Je pense d’abord aux jeunes travailleurs, ceux qui paieront la réforme en travaillant plus longtemps, et plus durs, pour tous les autres.
 

70 000 jeunes de 17 ans, soit 10% de cette classe d’âge, ne sont dans aucune formation ni contrat aidé. A 18 ans, ils ne sont pas moins de 180 000, soit 22%, à avoir définitivement quitté le système éducatif.

Ces jeunes sont précipités dans le marché de l’emploi. Les plus chanceux d’entre eux, qui parviennent à trouver un emploi, sont précisément ceux qui devront attendre 62 ans avant de jouir d’une retraite méritée, alors même qu’ils auront bouclé leurs 41 annuités bien avant cet âge.

A cela s’ajoutent les 400 000 apprentis, qui, eux aussi, commencent à travailler bien avant les autres.

Inutile de préciser que les métiers auxquels les destine leur fragile formation, quand ils en ont une (16% des jeunes de 20 à 24 ans n’ont aucun diplôme, ni le bac, ni le BEP, ni le CAP…), sont rarement les moins pénibles ! Où est la justice d’une réforme qui fait travailler plus dur, et plus longtemps, les « oubliés » de notre Education Nationale ?

Mais la réforme ne se contente pas de s’acharner sur les plus fragiles. Les retraites de tous les jeunes seront profondément amputées.

Bien sûr, là encore, les moins qualifiés paieront le plus lourd tribut.

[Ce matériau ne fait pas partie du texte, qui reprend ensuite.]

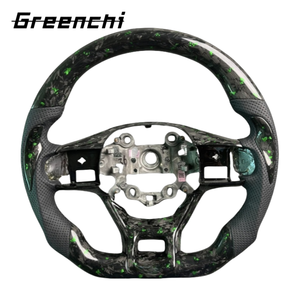 Kia K5/K1/K2/K3/K4 Carbon Fiber Leather Racing <strong>Steering</strong> Wheel <strong>Modification</strong> Customized Flat Bottomed Sports Wheel Customizable - Product Image 3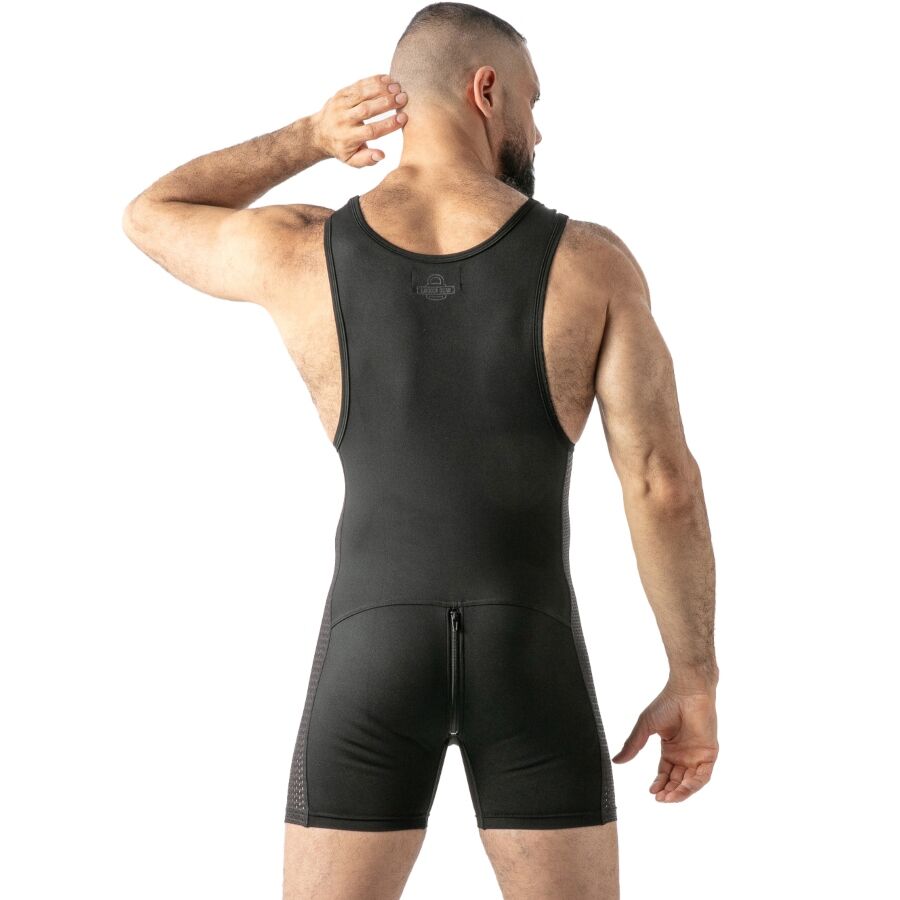 LOCKER GEAR - MONO OPEN ACCESS SINGLET NEGRO L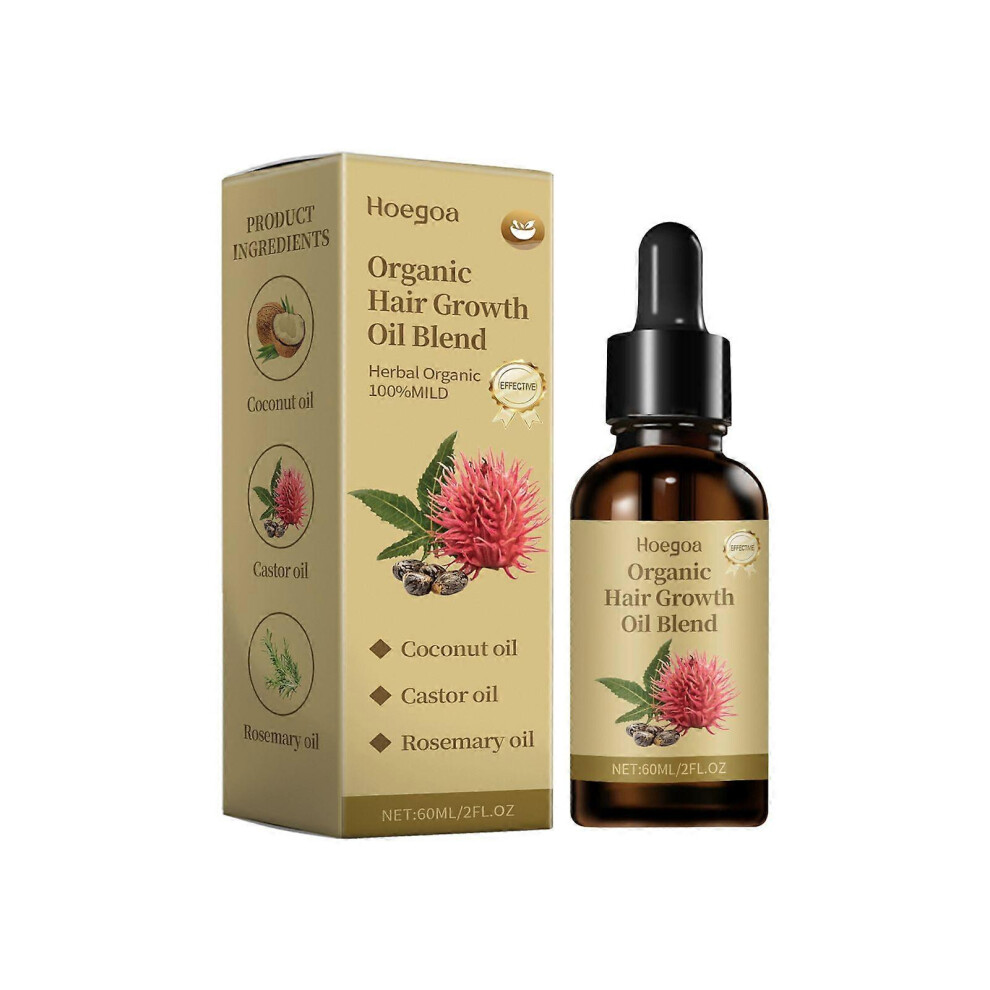 (3PCS) 100% Pure Jamaican Black Castor Oil for Hair & Skin, Cold Pressed Organic Hair Growth Oil for Eyelashes & Eyebrows, Unrefined Hair Oil Christmas Gift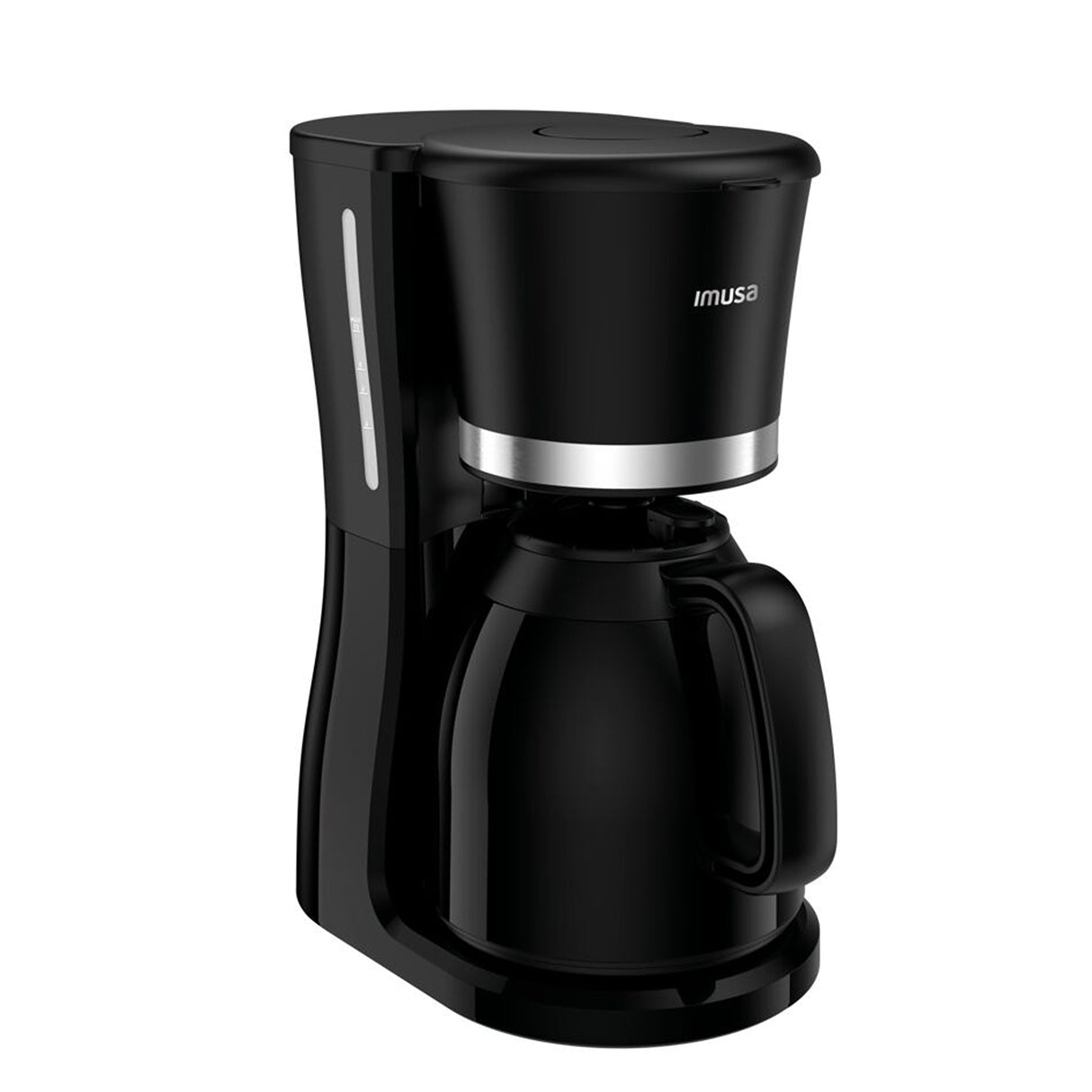 Cafetera Eléctrica Imusa Cool Negro 31x34.6cm de Goteo para 10 Tazas con Jarra Térmica - CAFETERAS ELECTRICAS | Bylmo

Comment constituer une carrière complète, et s’offrir une retraite décente, lorsque le chômage des 15-24 ans dépasse désormais les 25%, à partir d’un socle hors temps de crise solidement arrimé au 20%... Sans compter tous ceux qui, découragés, ont abandonné la recherche d’emploi, le taux d’activité des jeunes en France, à 32%, étant l’un des plus faibles d’Europe (moyenne de 37%, avec 45% en Allemagne, ou 67% au Danemark et aux Pays-Bas).

Dans cette population, les jeunes sortis tôt du système éducatif subissent la plus violente discrimination : 49% des jeunes sans diplôme sortis depuis moins de 4 ans du système éducatif sont au chômage ; ils sont encore 27% dans les dix ans qui suivent leur « entrée » sur le marché du travail.

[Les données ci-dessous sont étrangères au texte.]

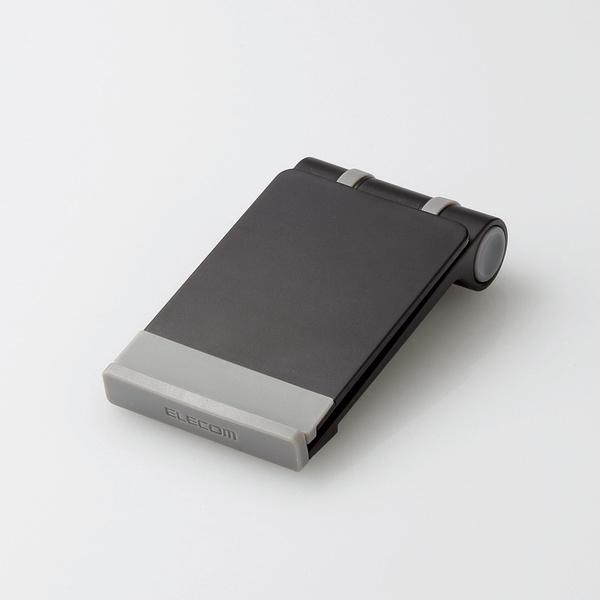 ELECOM エレコム P-DSCMPBK ブラック スマホ用スタンド コンパクト
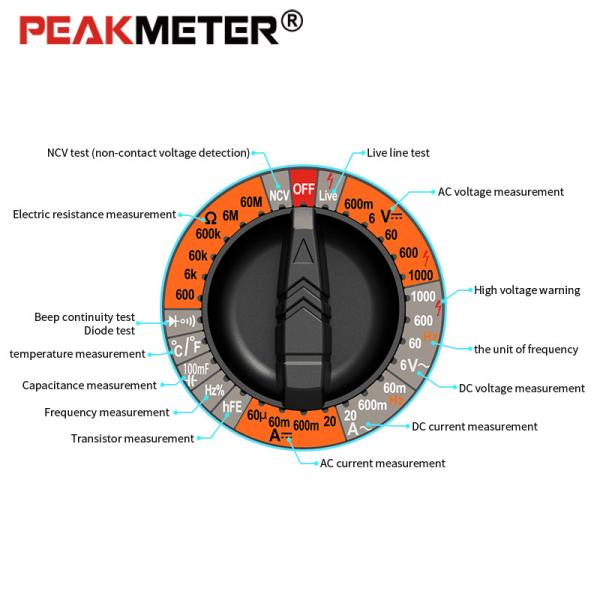 T-RMS цифровой мультиметр портативный, прочный дизайн высокой точности широкий диапазон измерений тестер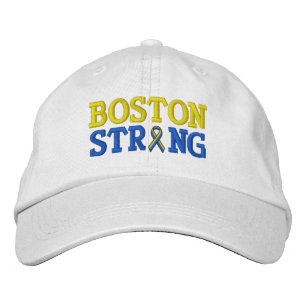 Boston Strong Ribbon Embroidery Cap Bestickte Kappe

Mais cette insertion difficile dans le marché de l’emploi concerne tous les jeunes, la variable d’ajustement des à-coups du marché du travail. Ainsi, le chômage des diplômés de l’enseignement supérieur dans l’année qui suit la fin de leur formation a subi en 2009 une hausse de 18%.

A l’autre bout de la chaîne, les 40% de jeunes qui bénéficient d’une formation tertiaire rentrent de plus en plus tard dans l’emploi, soumis à la course aux diplômes dans laquelle se joue leur carrière tout entière. Eux subiront de plein fouet le passage à 67 ans de la retraite sans décote, qui deviendra leur vrai âge de départ à la retraite s’ils ne veulent pas réduire de plus d’un quart leurs futures retraites. 

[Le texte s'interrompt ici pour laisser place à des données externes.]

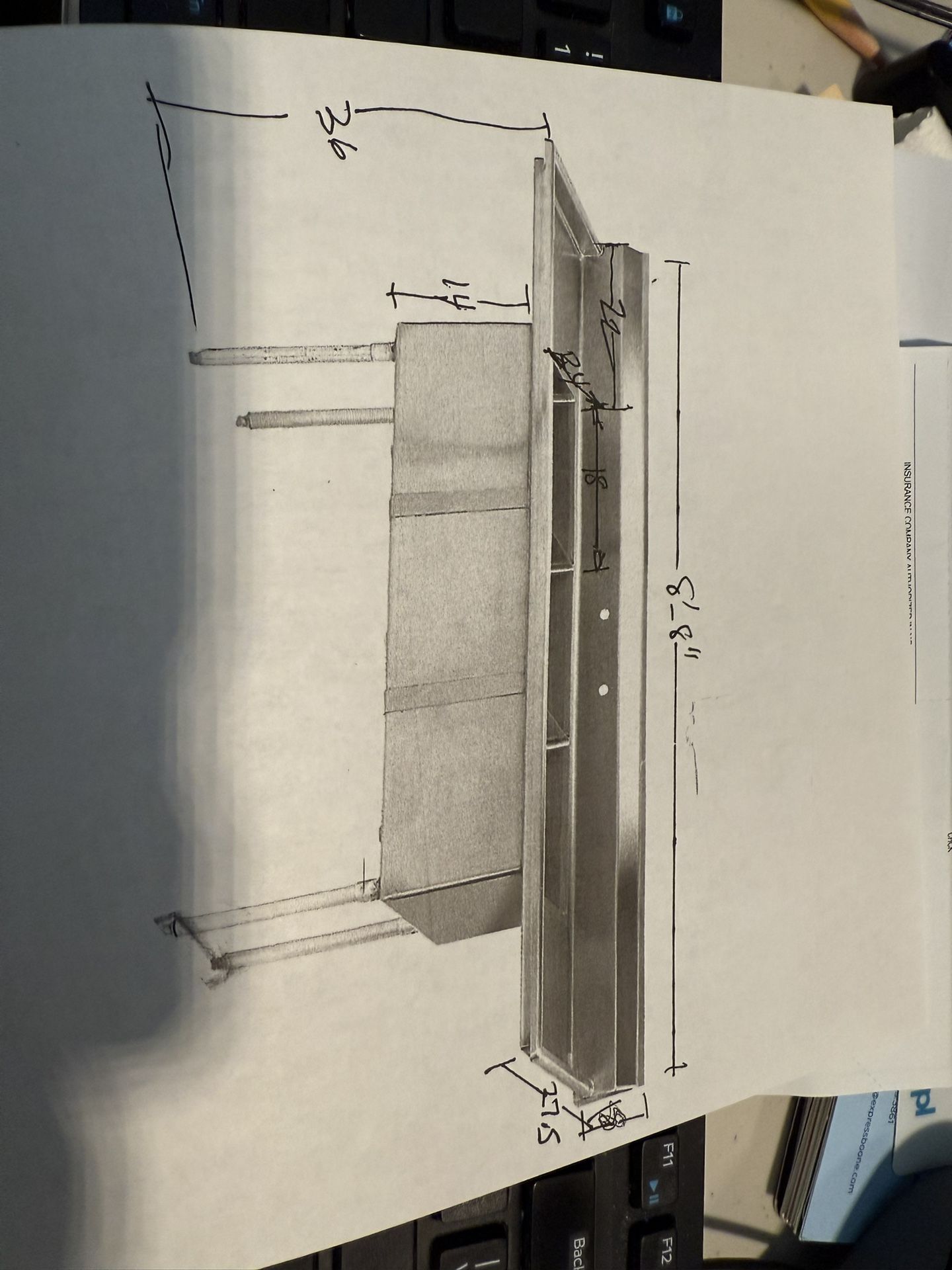 3 Compartment Sink, stainless, NSF,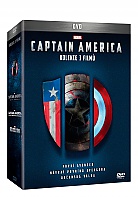 CAPTAIN AMERICA Trilogie 1-3: Captain America: Prvn Avenger + Captain America: Nvrat prvnho Avengera + Captain America: Obansk vlka Kolekce (3 DVD)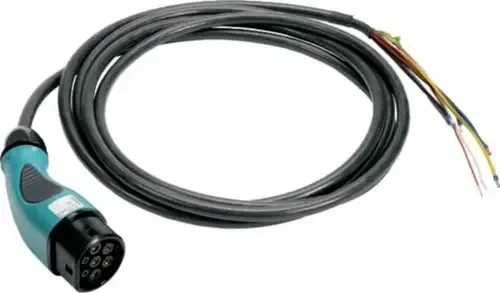 Hager E-Ladestation Zubehör Kabel M3T2 16A 3P, 11kW, 5m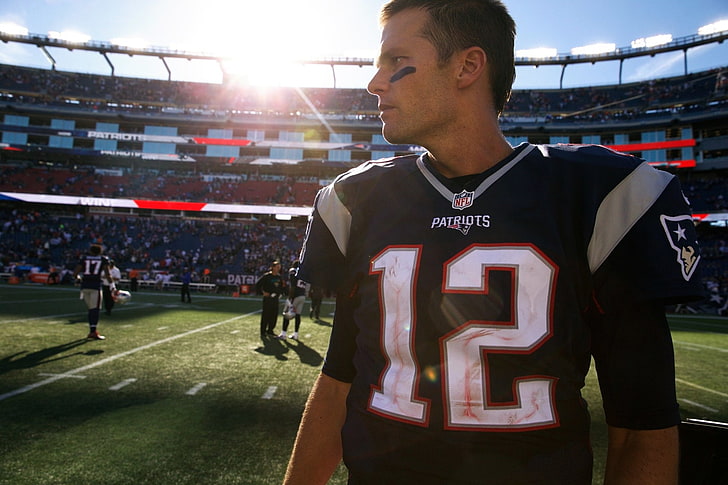 Fotboll, Tom Brady, New England Patriots, HD tapet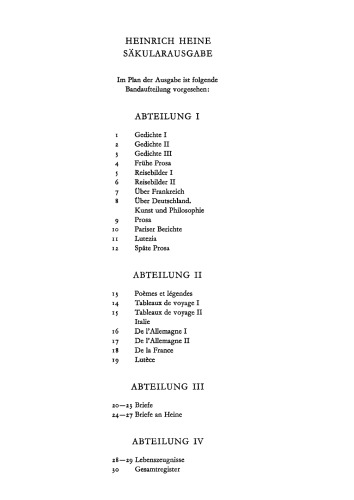 Heinrich Heine Säkularausgabe: BAND 19 Lutèce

Et pour quelle retraite ? Car il faudra enfin aborder lucidement la question de la justice de la répartition des rémunérations selon les générations. Chacun peut aujourd’hui faire l’expérience d’une très nette différence non seulement dans le salaire d’embauche, mais dans les perspectives d’augmentation au fil de la vie entre les générations entrées dans l’emploi au début des années 70 et celles d’aujourd’hui. Or, la réforme ne demande rien à ceux qui jouissent aujourd’hui d’une retraite garantie et consolidée, quand elle demande tout à ceux qui ne croient même plus aujourd’hui à la promesse d’une retraite méritée.

Tous ces enjeux sont liés. N’oublions pas ainsi que la retraite devient de plus en plus le « seul patrimoine de ceux qui n’en ont pas ».

Au fond, la réforme des retraites cristallise des malaises plus profonds et pousse plus que jamais une question tout en haut de l’agenda politique : quelle place notre société fait-elle à ses enfants ? Et comment oser en débattre sans écouter les principaux concernés ? Les jeunes ont raison de s’exprimer, pacifiquement et solidairement. Car c’est leur avenir qui se joue aujourd’hui.